Westchester Fire Ins. Co. v. Norfolk Building & Loan Ass'n

Decision Date02 August 1926
Docket NumberNo. 7375.,7375.
Citation14 F.2d 524
PartiesWESTCHESTER FIRE INS. CO. OF NEW YORK v. NORFOLK BUILDING & LOAN ASS'N.
CourtU.S. Court of Appeals — Eighth Circuit

Matthew A. Hall, of Omaha, Neb. (Raymond G. Young and Harvey M. Johnsen, both of Omaha, Neb., on the brief), for plaintiff in error.

M. S. McDuffee, of Norfolk, Neb. (Donald D. Mapes, of Norfolk, Neb., on the brief), for defendant in error.

Before LEWIS, Circuit Judge, and TRIEBER and KENNAMER, District Judges.

KENNAMER, District Judge.

This action was instituted by the Norfolk Building & Loan Association, a mortgagee, to recover on a contract of fire insurance issued by the Westchester Fire Insurance Company of New York, on the 29th day of December, 1917, to E. A. Dimmitt, as the owner of the insured property, described as lot 19, in block 15, of the original town of O'Neill, Hope county, Neb. At the time of the issuance of the policy of fire insurance, E. A. Dimmitt was indebted to the Building & Loan Association in the amount of $6,000 which debt was evidenced by promissory notes executed by himself and his wife, Maude Dimmitt, and secured by a mortgage upon the above-described property.

There was attached to the policy of insurance a uniform Nebraska mortgage clause, or rider, as follows:

"Subject to all conditions of said policy not specifically waived herein, loss or damage, if any, under this policy, shall be payable to Norfolk Building & Loan Association as mortgagee (or trustee) as interest may appear, and this insurance to the interest of the mortgagee (or trustee) only therein shall not be invalidated by any acts of neglect of the mortgagor or the owner of the within described property, or by any foreclosure or other proceedings or notice of sale relating to the property or by any change of the title or ownership of the property, or by the occupation of the premises for purposes more hazardous than are permitted in this policy. Provided, that in case the mortgagor or owner shall neglect to pay any premiums due under this policy the mortgagee (or trustee) shall, on demand, pay the same. Provided, also, that the mortgagee (or trustee) shall notify this company of any change of ownership or occupancy or increase of hazard which shall come to the knowledge of the mortgagee (or trustee), and unless permitted by this policy it shall be noted thereon and the mortgagee (or trustee) shall, on demand, pay the premium for such increased hazard for the term of the use thereof, otherwise this policy shall be null and void. This company reserves the right to cancel this policy at any time as provided by its terms, but in such case this policy shall continue in force for the benefit only of the mortgagee (or trustee) for ten days after notice to the mortgagee (or trustee) of such cancellation, and shall then have the right, on like notice, to cancel this agreement. * * *"

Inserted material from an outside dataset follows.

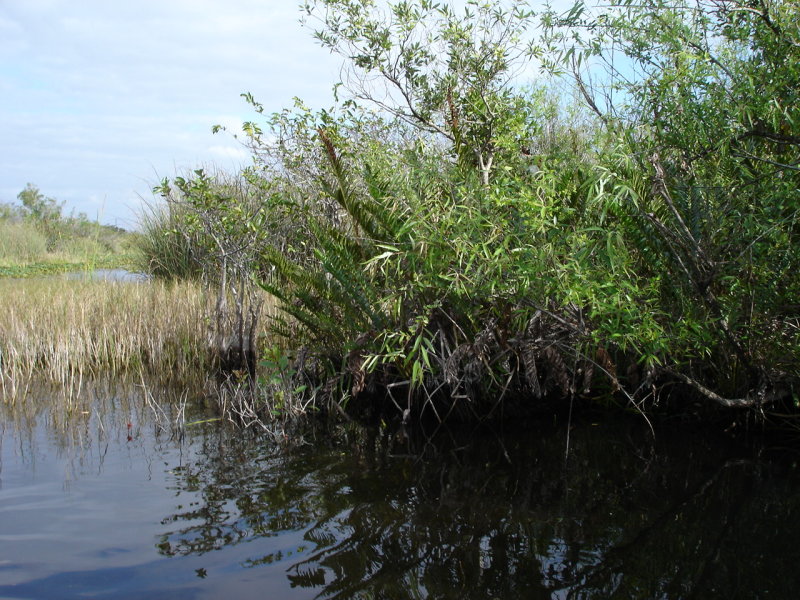 Mangroves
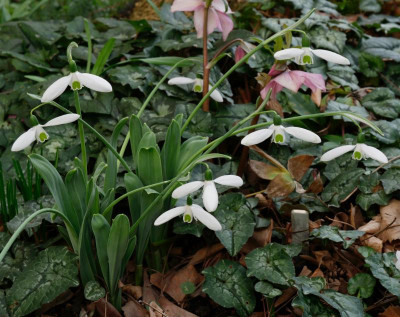 galanthus_comet.jpg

Subsequent to the issuance of the policy of fire insurance, E. A. Dimmitt entered into a contract with one Gilmore with a view of trading his equity in the real estate covered by the mortgage, but the sale was never consummated, so far as the record herein discloses. However, Gilmore asserted a claim against Dimmitt and attempted to establish a lien against the property by reason of the contract. For the sole purpose of forestalling the establishment of a lien or claim against his property, Dimmitt permitted his payments to the Building & Loan Association to become delinquent, and upon advice of counsel procured the foreclosure of the mortgage by the Norfolk Building & Loan Association. Gilmore was made a party to the foreclosure proceedings, but asserted no claim in the action. A decree of foreclosure and sale of the property were ordered. Maude Dimmitt, wife of E. A. Dimmitt, was the successful bidder for the property, and upon confirmation of the sale the sheriff of Hope county executed a deed to her. The only payments made by the Dimmitts upon purchasing the property at the foreclosure sale were the delinquent payments due on the original loan made by the Building & Loan Association to E. A. Dimmitt, the costs of the foreclosure suit, and the sum of $162.82. By virtue of a prearranged agreement between the Dimmitts and the Norfolk Building & Loan Association, the original loan made to E. A. Dimmitt in the sum of $6,000 was continued in force by the execution by Maude Dimmitt and E. A. Dimmitt of a new note and mortgage evidencing the original debt.

The trial court found that the new note and mortgage were not given in payment of the original debt but were executed only as a renewal of, or as new evidence of, the original obligation; that the sole purpose of procuring the foreclosure on the part of the Dimmitts was to hinder and forestall Gilmore in establishing or asserting a lien or claim against the property.

The case was submitted to the trial court, a jury having been waived, and judgment was entered in favor of the plaintiff, the Norfolk Building & Loan Association, for the amount of the policy, together with interest and attorneys' fees. The insurance company prosecutes this appeal to reverse the judgment of the trial court.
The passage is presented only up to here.